John Leo
Even if civilian casualties in Iraq are light, expect a great deal of attention to the subject in the days ahead. In a numbers-obsessed society, focusing relentlessly on the deaths of innocents -- and inflating the numbers, if necessary -- is a conventional way of undermining support for war. This helps explain why dozens of civilian-casualty articles sprouted in the news media within hours of the first shots in Iraq, even before coalition ground forces swung into action.
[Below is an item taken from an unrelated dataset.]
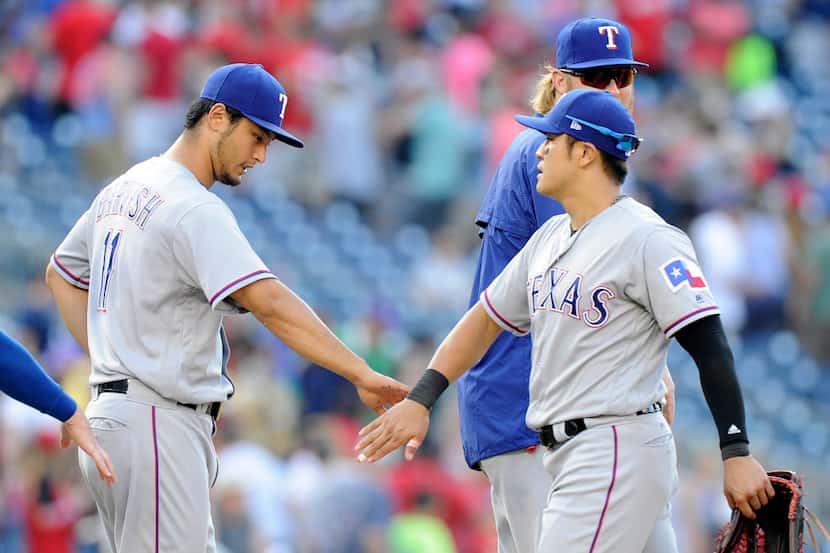 WASHINGTON, DC - JUNE 11: Yu Darvish #11 of the Texas Rangers celebrates with Shin-Soo Choo...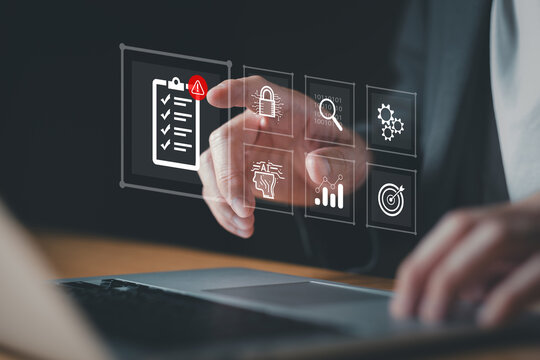 close up with hand of business person identify danger risk with AI among normal incident. Risk management concept for business and personal planning for risk mitigation with information and decision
The news agencies of our chief non-allies -- France, Russia, China and Germany -- were quick off the mark. Agence France Presse may have established the modern world record for fastest print coverage of dead bystanders with "U.S. Strikes Leave Civilian Casualties in Baghdad: Official" (Thursday, 3:42 a.m. EST). The Iraqi regime, of course, is eager for high numbers. A New York Post report Friday said civilians trying to flee Basra were blocked by Iraqi troops who, according to Kuwaitis, were hoping to increase civilian casualties.

We have been through this before. On Fox News during the war in Afghanistan, Brit Hume wondered whether reporting about civilian deaths was getting out of hand. These casualties, he said, "are historically, by definition, a part of war, really." Mara Liasson of National Public Radio chimed in: "War is about killing people. Civilian casualties are unavoidable."

All civilian casualties are tragic. But Hume was asking why these casualties had emerged as a major story line. This emphasis may have reflected the usual press resentments toward U.S. forces in wartime (lack of candor, lack of access). But it also reflected the anti-war movement's success in convincing the mainstream press that civilian deaths were a big story.

A New York Times article ("Flaws in U.S. Air War Left Hundreds of Civilians Dead") relied heavily on the findings of workers with Global Exchange, which the Times identified as "an American organization that has sent survey teams into Afghan villages." In fact, Global Exchange is a hard-left, anti-war, pro-Castro group whose numbers on war victims should never be taken at face value. Many groups on the left repeatedly insisted that civilian deaths were scandalously high. But that's what they say during every war. Typical headlines included "Civilian Casualties Mount in Afghanistan" (the World Socialist Web Site) and "U.S. Raids Draw Fire for Civilian Casualties" (Common Dreams News Center).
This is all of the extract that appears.